◆ **Exercise requirements**
Output the exact lines that start at the one containing "南宫娱乐官网-太狠了！费耶诺" and continue to the last line of the entries below; do not output pictures.

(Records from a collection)
────────────────────────────────────────

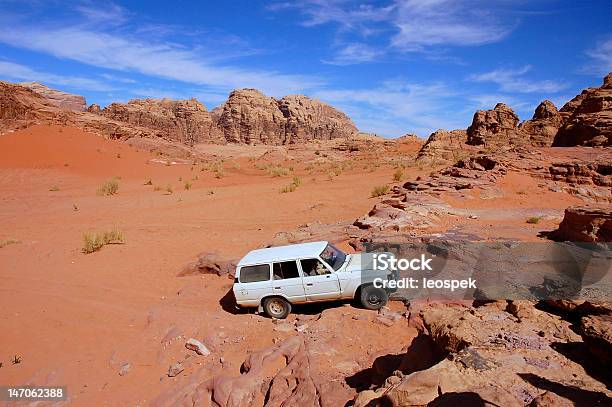 Foto de Wadi Rum Jordânia e mais fotos de stock de Areia - Areia, Arenito, Calor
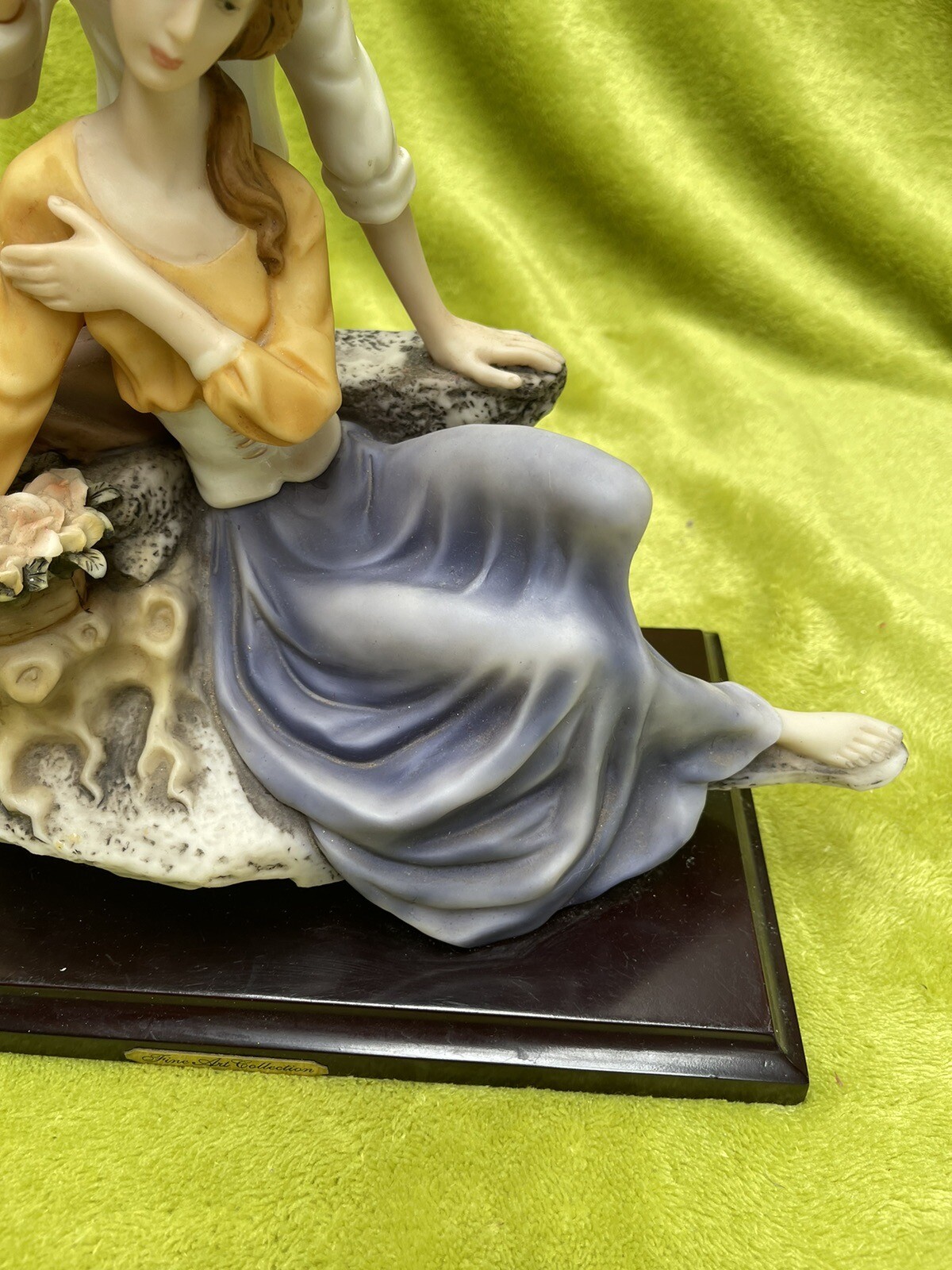 Fine Art Collection 32cm Man Woman Sitting On Rock Putting Flower In Hair Statue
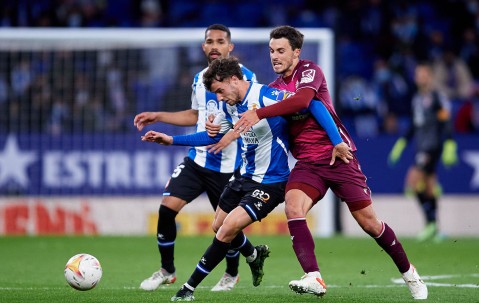 南宫娱乐官网-太狠了！费耶诺德强势反弹备战国王杯加时末段新疆广汇防线松动，NBA总决赛在即 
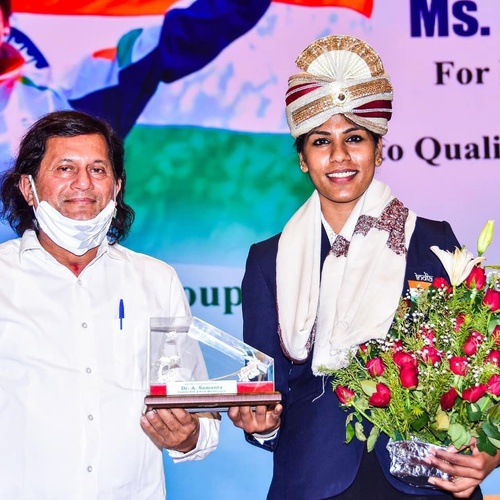 India’s ‘fencing queen’ felicitated by university founder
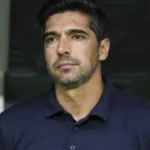 abel-nao-ve-cobrancas-de-penaltis-no-campo-e-elogia-carlos-miguel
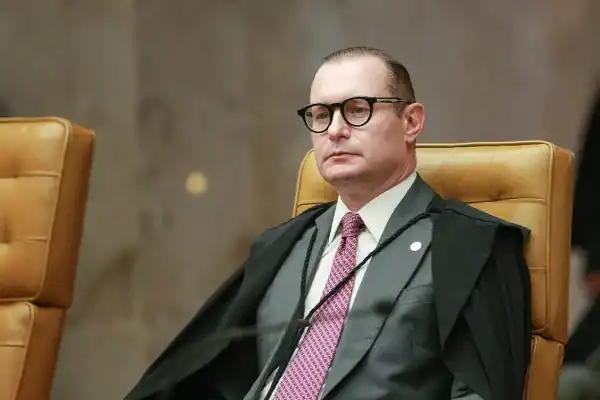 Zanin apoia questão de ordem para redistribuir processo sobre Moraes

────────────────────────────────────────

◆ **Solution**
 南宫娱乐官网-太狠了！费耶诺德强势反弹备战国王杯加时末段新疆广汇防线松动，NBA总决赛在即 
 India’s ‘fencing queen’ felicitated by university founder
 abel-nao-ve-cobrancas-de-penaltis-no-campo-e-elogia-carlos-miguel
 Zanin apoia questão de ordem para redistribuir processo sobre Moraes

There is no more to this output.